In gran parte privo di meraviglia, riverenza e memoria, trasforma la vita in un lungo torneo presentista di andare d'accordo in cui l'obiettivo più alto è evitare conflitti o qualsiasi altra cosa che ritiene possa mettere in pericolo il suo enorme senso psicologico e materiale. comfort.
Essendo a capo di un’organizzazione enormemente diversificata con una storia molto lunga e ricca, l’ultima cosa che un Papa può permettersi di essere è un “uomo-massa”. Ma costui, come tanti personaggi politici dei nostri tempi che falsamente chiamiamo leader, è proprio questo, una persona manifestamente inconsapevole e forse francamente incapace di comprendere che il suo compito di custode di un'istituzione millenaria non è compiacere il suo gregge o rendere loro le cose facili, ma piuttosto nobilitarli (nel senso orteguiano) incoraggiandoli a essere profondamente attenti al mondo che li circonda e a diventare consapevoli della realtà della propria esistenza alla luce della storia accumulata.
In questo senso, purtroppo, è anche un uomo del suo tempo, dedito a quello che, se cercate il termine su Google, vedrete chiaramente l’obiettivo principale delle nostre élite autorizzate: la creazione di una “cultura di conformità."
In un saggio precedente, ho esplorato gli effetti che le nostre concezioni del tempo, generate culturalmente, possono avere sui nostri comportamenti sociali e morali e ho suggerito che il nostro abbraccio, in gran parte inconscio, del concetto di tempo lineare, e il suo corollario di inevitabile progresso, aveva reso difficile per le nostre classi d’élite riconoscere la possibilità che non tutte le innovazioni che ci conferiscono possano essere utili o morali.
Un altro effetto importante dell’ideologia dell’inevitabile progresso lineare di cui non ho parlato e che Ortega tocca indirettamente nel Rivolta delle masse è la sua enorme capacità di indurre passività spirituale e sociale in un’ampia fascia della nostra società.
Chi di noi non ha ascoltato il lamento di qualcuno sulla perdita di importanti elementi affettivi e umani dalla propria vita per poi concludere la storia con una varietà delle seguenti: “Ma questo è il modo in cui va il mondo e immagino che non ci sia molto Posso fare qualcosa al riguardo."

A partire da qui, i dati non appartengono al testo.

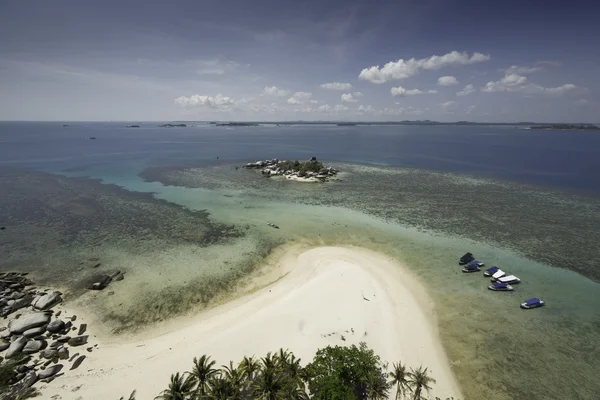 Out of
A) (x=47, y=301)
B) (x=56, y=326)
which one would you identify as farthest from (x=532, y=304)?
(x=47, y=301)

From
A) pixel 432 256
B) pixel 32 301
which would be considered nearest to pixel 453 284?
pixel 432 256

In altre parole, una volta che la “storia” viene antropomorfizzata e accreditata di avere una “direzione” inequivocabile che alla fine punta sempre verso il miglioramento umano, cosa sono io? Qual è il mio raggio di volizione e di azione?
La risposta, ovviamente, è molto piccola, qualcosa di simile alla quantità di protagonismo direzionale posseduto da un passeggero seduto su un treno in corsa.

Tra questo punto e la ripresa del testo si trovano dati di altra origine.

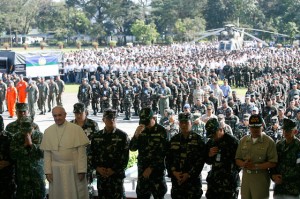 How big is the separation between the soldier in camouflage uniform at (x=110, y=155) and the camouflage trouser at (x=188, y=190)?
2.18 feet

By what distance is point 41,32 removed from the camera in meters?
88.6

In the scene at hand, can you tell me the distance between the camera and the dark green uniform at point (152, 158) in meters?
7.84

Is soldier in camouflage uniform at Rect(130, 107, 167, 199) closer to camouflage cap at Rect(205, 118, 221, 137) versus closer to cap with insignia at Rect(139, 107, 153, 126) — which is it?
cap with insignia at Rect(139, 107, 153, 126)

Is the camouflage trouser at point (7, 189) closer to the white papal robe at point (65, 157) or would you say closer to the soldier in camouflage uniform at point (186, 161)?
the white papal robe at point (65, 157)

È davvero questo il ruolo nella vita che desideriamo accettare e svolgere? Osiamo considerare se le dottrine del tempo lineare e del progresso inesorabile potrebbero, in effetti, essere solo l’ultima di una lunga serie di dottrine “religiose” progettate per garantire la nostra docilità davanti ai centri di potere sociale accumulato?

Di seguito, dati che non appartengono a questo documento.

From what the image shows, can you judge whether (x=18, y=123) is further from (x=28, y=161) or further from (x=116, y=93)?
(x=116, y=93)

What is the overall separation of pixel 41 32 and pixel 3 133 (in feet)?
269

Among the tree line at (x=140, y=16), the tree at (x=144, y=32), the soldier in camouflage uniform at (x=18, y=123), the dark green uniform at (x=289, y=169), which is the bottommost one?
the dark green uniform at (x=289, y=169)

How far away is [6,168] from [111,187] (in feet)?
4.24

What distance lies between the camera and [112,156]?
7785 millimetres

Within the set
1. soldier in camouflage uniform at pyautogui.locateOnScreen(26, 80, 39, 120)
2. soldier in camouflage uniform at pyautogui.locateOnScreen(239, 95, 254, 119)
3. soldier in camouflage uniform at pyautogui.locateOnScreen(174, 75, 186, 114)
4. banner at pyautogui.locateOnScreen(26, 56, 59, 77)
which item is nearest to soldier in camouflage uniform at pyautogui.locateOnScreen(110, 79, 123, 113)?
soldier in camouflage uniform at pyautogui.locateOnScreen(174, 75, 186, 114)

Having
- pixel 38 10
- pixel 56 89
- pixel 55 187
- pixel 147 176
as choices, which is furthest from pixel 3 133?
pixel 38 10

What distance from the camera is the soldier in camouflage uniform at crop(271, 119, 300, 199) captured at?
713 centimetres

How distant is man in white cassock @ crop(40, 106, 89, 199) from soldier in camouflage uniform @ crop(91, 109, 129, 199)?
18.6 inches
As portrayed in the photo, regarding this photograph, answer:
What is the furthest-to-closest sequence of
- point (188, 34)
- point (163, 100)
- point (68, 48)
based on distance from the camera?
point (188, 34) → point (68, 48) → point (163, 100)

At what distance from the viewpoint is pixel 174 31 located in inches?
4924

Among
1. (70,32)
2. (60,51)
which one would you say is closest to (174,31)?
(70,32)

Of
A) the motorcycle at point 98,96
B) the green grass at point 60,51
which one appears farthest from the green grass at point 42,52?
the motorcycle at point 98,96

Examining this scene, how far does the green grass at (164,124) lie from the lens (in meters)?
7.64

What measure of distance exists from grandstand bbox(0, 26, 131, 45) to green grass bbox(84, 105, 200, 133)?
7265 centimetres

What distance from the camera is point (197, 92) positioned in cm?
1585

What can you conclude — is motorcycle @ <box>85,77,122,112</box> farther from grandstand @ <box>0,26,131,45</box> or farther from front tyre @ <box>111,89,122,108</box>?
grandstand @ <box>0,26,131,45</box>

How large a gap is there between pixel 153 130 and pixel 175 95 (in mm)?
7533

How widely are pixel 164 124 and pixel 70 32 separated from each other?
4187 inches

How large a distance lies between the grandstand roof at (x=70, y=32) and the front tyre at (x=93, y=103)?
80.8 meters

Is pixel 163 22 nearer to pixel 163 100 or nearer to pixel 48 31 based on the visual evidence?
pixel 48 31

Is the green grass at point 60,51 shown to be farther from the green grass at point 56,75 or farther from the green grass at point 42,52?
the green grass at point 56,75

Se l'attuale Papa è rappresentativo di coloro che attualmente presiedono quei distretti di potere, e purtroppo penso che lo sia, allora probabilmente è meglio non sprecare il nostro tempo cercando il loro consiglio su queste questioni.
Piaccia o no, quelli di noi che vogliono qualcosa di più dalla vita di un viaggio pre-programmato verso l'impotenza volitiva sono da soli. E il modo in cui ci uniamo o non ci uniamo per forgiare modi di vivere più umani e dignitosi determinerà il nostro destino.